Data records: Begin

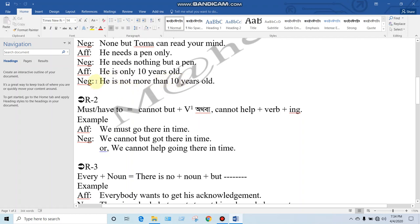Affirmative example 3: 'He is only 10 years old.' With 'only', we use 'not more than' or 'not less than'. The negative form is: 'He is not more than 10 years old.'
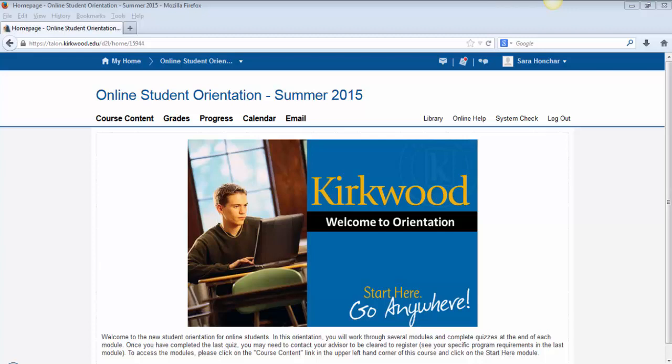Welcome to the new online student orientation. This video will walk you through the layout of this course and explain the requirements. This course is set up very similar to the other online courses you will be taking. Each instructor is able to customize certain parts of the course, but the basics will stay the same.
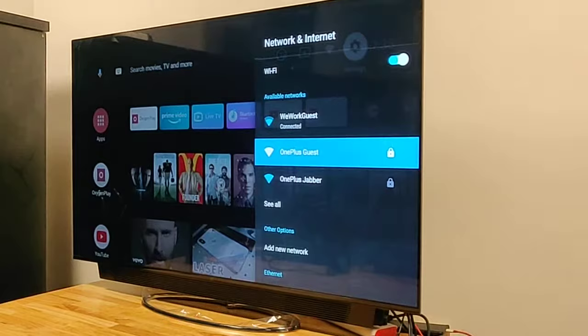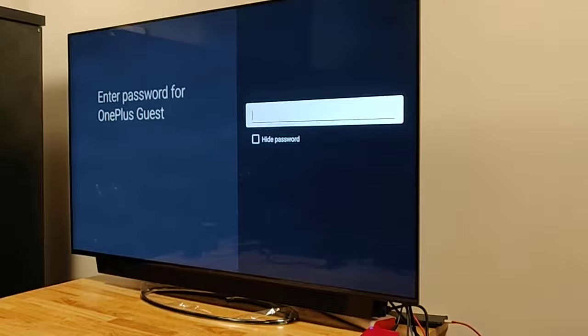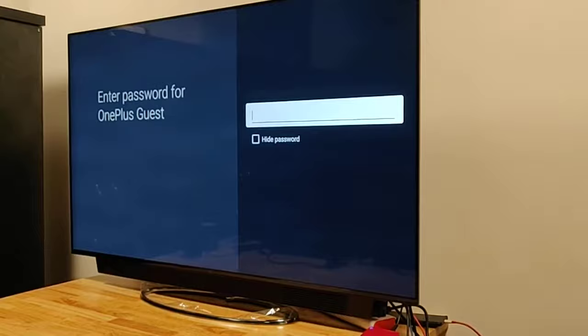Enter the username and password to connect to the network. Once you enter the password, just click Next to connect.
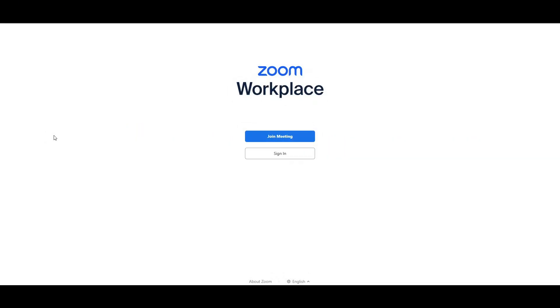In this video, I will be telling you guys how you can unblock your Zoom account if you are seeing that you are being blocked from the Zoom workspace. I'll be telling you guys in this video how you can unblock yourself.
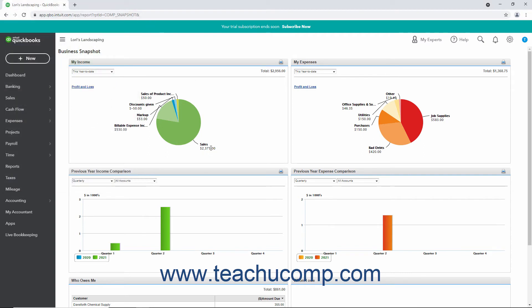The default time period that appears for the My Income and My Expenses graph is this year to date. To change the time period, select a choice from the drop-down in the upper left corner of the graph.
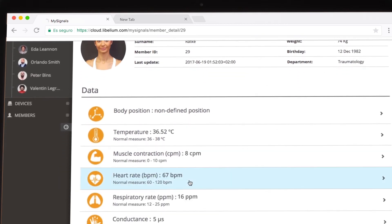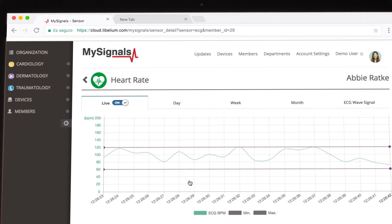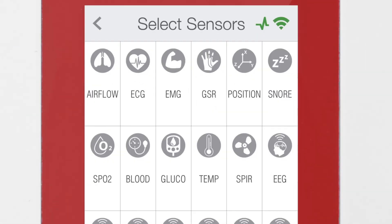Select the sensor you want to use to see the data. The Airflow sensor, the EMG sensor, the ECG sensor, and the Snore sensor are able to work with the RAW mode.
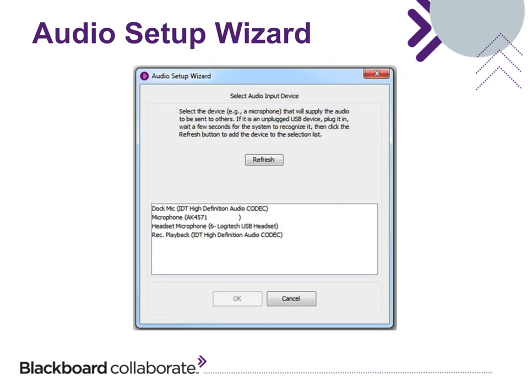Now select your audio input device. This is the microphone you will use to send your audio to others during the session. If you are using a USB microphone, plug it in, wait a few seconds and then click the Refresh button. Select the device and click OK.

Data records: End

Work required: Your output should be the full set of entries above, restated word for word and free of pictures.

Output for this exercise:
Affirmative example 3: 'He is only 10 years old.' With 'only', we use 'not more than' or 'not less than'. The negative form is: 'He is not more than 10 years old.'
Welcome to the new online student orientation. This video will walk you through the layout of this course and explain the requirements. This course is set up very similar to the other online courses you will be taking. Each instructor is able to customize certain parts of the course, but the basics will stay the same.
Enter the username and password to connect to the network. Once you enter the password, just click Next to connect.
In this video, I will be telling you guys how you can unblock your Zoom account if you are seeing that you are being blocked from the Zoom workspace. I'll be telling you guys in this video how you can unblock yourself.
The default time period that appears for the My Income and My Expenses graph is this year to date. To change the time period, select a choice from the drop-down in the upper left corner of the graph.
Select the sensor you want to use to see the data. The Airflow sensor, the EMG sensor, the ECG sensor, and the Snore sensor are able to work with the RAW mode.
Now select your audio input device. This is the microphone you will use to send your audio to others during the session. If you are using a USB microphone, plug it in, wait a few seconds and then click the Refresh button. Select the device and click OK.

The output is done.